As the planet warms, a 1979 study indicates that cyclone frequency and intensity will worsen as time passes.

The CMIP5 employed direct simulations of cyclones, downscaling these simulations to be representative of what happens during hurricanes and measuring environmental factors that allow for hurricanes and cyclones to develop. The researchers found a decrease in the frequency of weaker weather events, like rain fall, but an increase in high intensity cyclones, with much concurrent rain fall.

Cyclones often develop into hurricanes, as they are weaker versions of hurricanes. Cyclones are also usually the starting point for the development of a hurricane.

When the researchers ran the simulation for spans of time — representative of decades — the 21st century was noted to experience a total increase in the range of 10 to 40 percent. The data showed that 105 storms are predicted to occur each year by the year 2095.

Not only will the frequency of dangerous storms increase, but so will their intensity and ability to cause serious damage. The Saffir-Simpson Hurricane Wind Scale measures how intense a storm is by its wind speed. This is measured off into categories, where category 1, as explained by the National Weather Service's National Hurricane Center, indicates "very dangerous winds will produce some damage" and the highest category 5 indicates that "catastrophic damage will occur." Categories 3 through 5 are considered major storm designations. The researchers also found a 40 percent increase in the occurrence of hurricanes of Saffir-Simpson category 3 and higher.

The power of a storm is understood as its ability to cause damage from wind speed after the storm leaves the water and reaches land. Hurricanes are known to be most powerful over water, and often start out as waves, warming temperatures and wind and then evolving into cyclones and hurricanes. When a hurricane makes landfall, it will lose much of its power, though if a hurricane is extremely powerful over water, it will still be powerful after landfall.
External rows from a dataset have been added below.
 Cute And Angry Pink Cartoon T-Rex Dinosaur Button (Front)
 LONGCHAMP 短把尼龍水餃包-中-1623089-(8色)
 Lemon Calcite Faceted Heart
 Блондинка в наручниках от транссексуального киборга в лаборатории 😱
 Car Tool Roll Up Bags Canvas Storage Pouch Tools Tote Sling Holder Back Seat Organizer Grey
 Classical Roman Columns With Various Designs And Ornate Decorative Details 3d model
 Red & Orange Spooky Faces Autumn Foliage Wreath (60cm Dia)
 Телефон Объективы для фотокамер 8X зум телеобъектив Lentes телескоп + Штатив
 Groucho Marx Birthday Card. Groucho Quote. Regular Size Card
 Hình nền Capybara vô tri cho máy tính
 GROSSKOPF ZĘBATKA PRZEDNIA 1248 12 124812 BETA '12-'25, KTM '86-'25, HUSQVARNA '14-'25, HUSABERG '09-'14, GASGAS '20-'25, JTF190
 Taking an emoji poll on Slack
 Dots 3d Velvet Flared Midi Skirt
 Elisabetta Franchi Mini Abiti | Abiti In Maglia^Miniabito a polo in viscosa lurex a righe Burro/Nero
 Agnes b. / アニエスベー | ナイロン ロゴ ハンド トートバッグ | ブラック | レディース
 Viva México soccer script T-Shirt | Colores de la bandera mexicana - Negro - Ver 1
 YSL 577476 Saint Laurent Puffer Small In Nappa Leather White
The researchers estimate that the power lost at landfall will increase by about 55 percent, alongside the 21st century's increase in storm intensity and frequency. So while the storms are estimated to lose much of their power, they will still have 45 percent of that power — an alarming amount.

While all of this data is based on previous weather patterns and simulations, it should not be discounted. Given extended damage caused by storms in the past ten years, thanks to devastating storms like hurricanes Sandy and Katrina, this information should be taken seriously by all.

Source: Emanuel KA. Downscaling CMIP5 climate models shows increased tropical cyclone activity over the 21st century. PNAS. 2013.